We walk with Joe to his train, and Rose insists on staying until the very last second, until its bright-red Virgin logo has disappeared off into the distance. She has tears in her eyes, and I’m not sure it’s only about her son leaving us.

After we stopped laughing at the YouTube clip, the one of mum prancing round stark-bollock-naked on the fairground horse, we were both a little melancholy.

‘It was quite tasteful,’ she’d said, after warning Joe not to look unless he wanted his retinas burned out by his bare-butted Granny. ‘The way they draped her hair over part of her boobs?’

‘Yeah,’ I’d replied, looking through the comments section and recoiling in horror at how much of a fan base my own mother had in certain circles, ‘she looked a bit like the Khaleesi from Game of Thrones, didn’t she?

I bet she’d have been in that if she’d still been acting.

She could have nailed that Diana Rigg part. ’

‘But … the other video. She didn’t look too well in that one, did she?’

‘No,’ I’d replied, feeling the same myself. ‘She looked … vulnerable. I don’t think I’ve ever known her to look vulnerable before. It wasn’t nice to see. Maybe it was the thought of doing P that was getting her down as well. That must have been difficult.’

So difficult, in fact, that in the end she’d chickened out yet again – not of telling us, but of telling us herself.

Instead, she’d passed all the information on to Lewis, who had typed up a series of notes and memories to get us started.

And being Lewis – my mother’s sworn protector – he’d added his own spin on it all.

We’ve read the letter, which has shaken us both up – I know I was only just about holding it together for Joe’s sake, and I was 100 per cent sure that was the case for Rose as well.

There were some uncomfortable truths in there, and I’m beginning to think that a fantasy version of our father might be altogether less distressing than the real version.

Now we have our journey to look forward to, and a new cassette recording full of answers to our questions – or at least the questions that Lewis, an elderly gay man, thinks we might want answering.

We’re going to have to listen to the tape on an ancient Walkman Rose has dredged up, sitting next to each other on the train with one headphone each, just like we did when we were kids and Mum could only afford to buy one between us.
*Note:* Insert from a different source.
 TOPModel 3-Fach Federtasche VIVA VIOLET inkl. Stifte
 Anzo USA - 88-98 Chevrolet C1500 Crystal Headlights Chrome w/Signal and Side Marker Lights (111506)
That invariably used to end up with us punching each other. I can only hope the same doesn’t happen while we’re on our way to Paris, to potentially meet our dear old dad. Rose hasn’t said as much, but after reading Lewis’s letter, she must also be wondering if this might be a terrible mistake.

We amble towards the exit, irritating the commuters with our slow pace, pulling our wheelie cases behind us as we start the walk to St Pancras.

‘Poppy,’ says Rose, as we emerge into the noise and bustle of Euston Road.

‘Yes?’ I reply.

‘You do know, don’t you, that that letter means our dad definitely isn’t Dumbledore?’

I nod. She’s right, sadly. Not unless there was a much darker side to Dumbledore than we all suspected.